SAN FRANCISCO (CN) - A federal judge heard motions from both sides Tuesday in a case alleging that operators of a dam and reservoir in San Mateo County are harming three of the area's endangered species.

The environmental nonprofits Our Children's Earth and Ecological Rights Foundation brought the suit against Stanford University in 2013.

They claimed that the university's operation and maintenance of the Searsville Dam and Searsville Reservoir are harmful to three species protected under the Endangered Species Act: the Central California Coast steelhead, the California red-legged frog and the San Francisco garter snake.

At Tuesday's hearing, the parties appeared before U.S. Magistrate Judge Elizabeth Laporte, with the university moving for a stay and the plaintiffs moving for summary judgment.

Arguing for the university, Sarah Flanagan said that if a stay were granted the university would consider feasible alternatives to the nonprofits' suggested installation of a pipeline to protect the species by diverting the water flow away from their critical habitats.

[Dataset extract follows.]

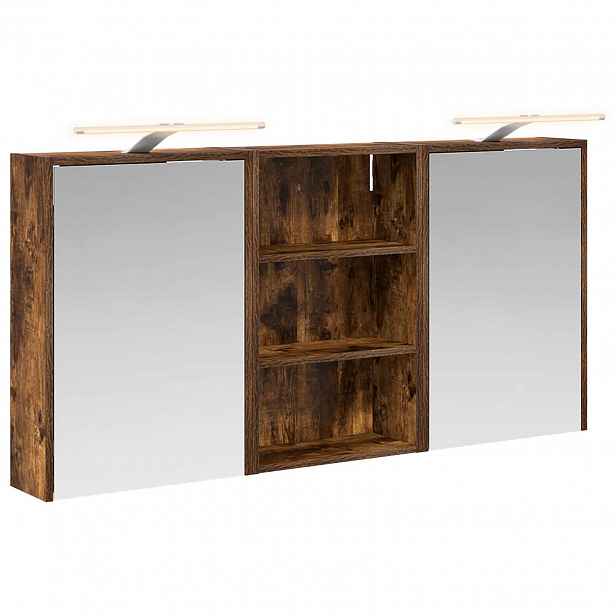 vidaXL Sada koupelnových skříněk 3 ks 126 x 16 x 62,5 cm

Laporte asked about dredging the dam and reservoir as a possible alternative, but Flanagan said that option would create "hundreds of thousands of truckloads of sediment."

"It would take decades to get the sediment out of there," she said.

Instead, Flanagan said installing an orifice in the dam connecting to a sluice directing water passage directly to the San Francisco Bay would be "the most effective and least environmentally harmful option."

Christopher Sproul, who argued for the environmental groups, contended that a stay should not be granted because the university and resource agencies have been "back and forth on the issue" for 14 years.

Laporte said that she was not inclined to stay the case, and she turned to the groups' motion for summary judgment.

Sproul said he believed that "if all the evidence is going to come in, there won't be a triable issue of fact."

"Stanford's approach relies on knocking out our evidence," he said.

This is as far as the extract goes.